This repo contains code for a toxicity grading model using TensorFlow and Gradio. The model is trained to detect whether a comment is toxic, obscene, threatening, or involves identity hate. The steps below outline the process of installing dependencies, preprocessing the data, creating a sequential model, making predictions, evaluating the model, and testing it using Gradio.
Before running the code, please make sure to install the required dependencies by executing the following command:
!pip install tensorflow tensorflow-gpu pandas matplotlib sklearn
The preprocessing step involves converting the comment text into numerical features using the TextVectorization
layer from TensorFlow. The data is then split into training, validation, and test datasets.
The sequential model is defined using the TensorFlow Keras API. It consists of an embedding layer, a bidirectional LSTM layer, fully connected layers for feature extraction, and a final output layer with sigmoid activation. The model is compiled with binary cross-entropy loss and the Adam optimizer.
The model is trained using the training and validation datasets. The training progress is visualized using a line plot showing the loss and metrics over epochs.
The model can be used to make predictions on new comment data. The code provides examples of how to input a single comment or a batch of comments to obtain toxicity predictions.

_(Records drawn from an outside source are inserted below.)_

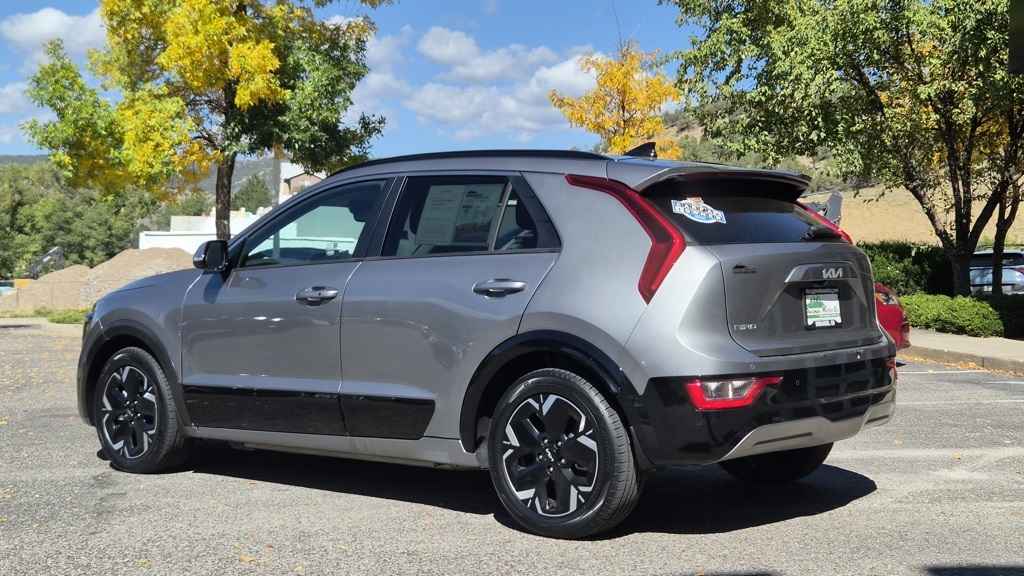 2023 Kia Niro EV Wind photo 13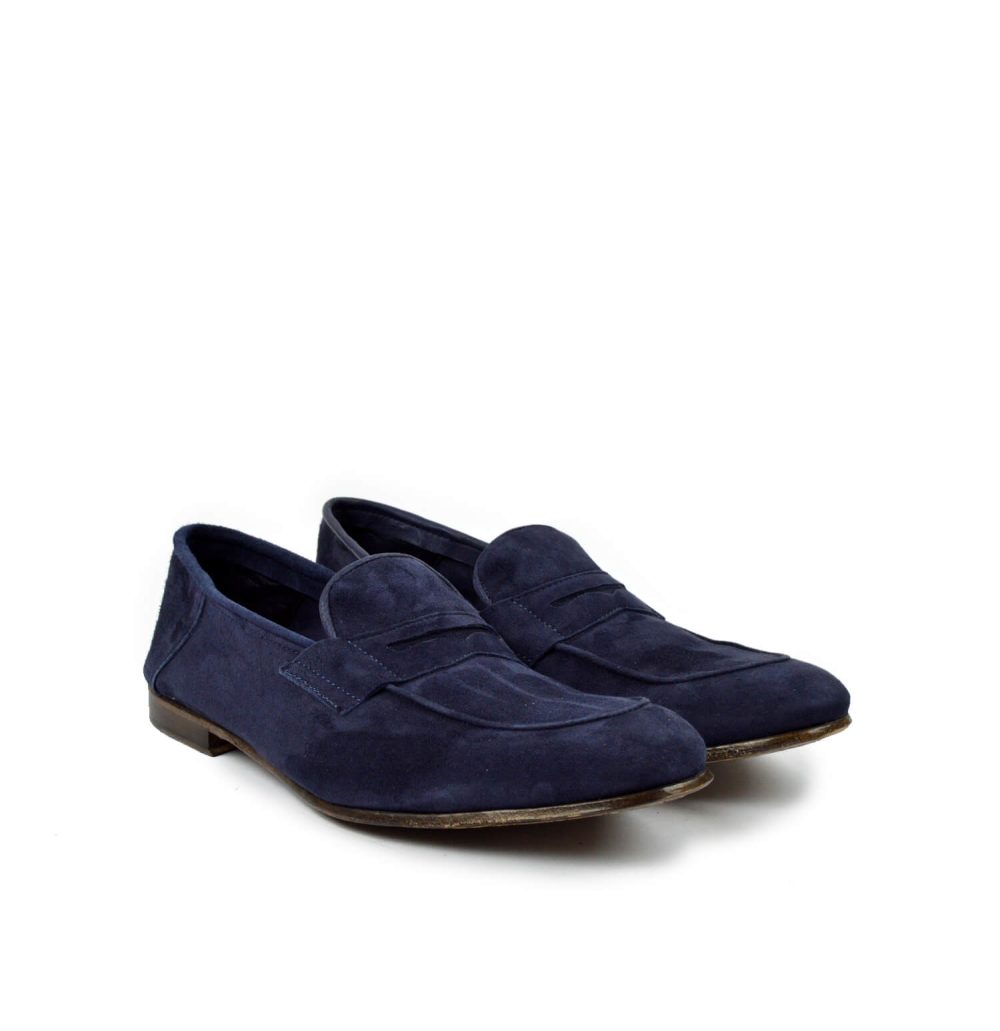 Ton Goût Mocassino Piero Blu Affare Del Giorno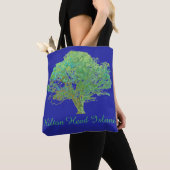 Hilton Head Island Live Eiche Toe Bag Tasche (Von Nahem)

The model's performance is evaluated using precision, recall, and accuracy metrics on the test dataset.
The code installs the Gradio library and saves the trained model. It then loads the model and defines a function to score comments based on toxicity. Gradio is used to create a user-friendly interface where users can input a comment and see the toxicity grades for different categories.
To run the Gradio interface, please make sure to install the required dependencies by executing the command:
!pip install gradio jinja2
Once the interface is launched, users can input comments and obtain the toxicity grades in different categories.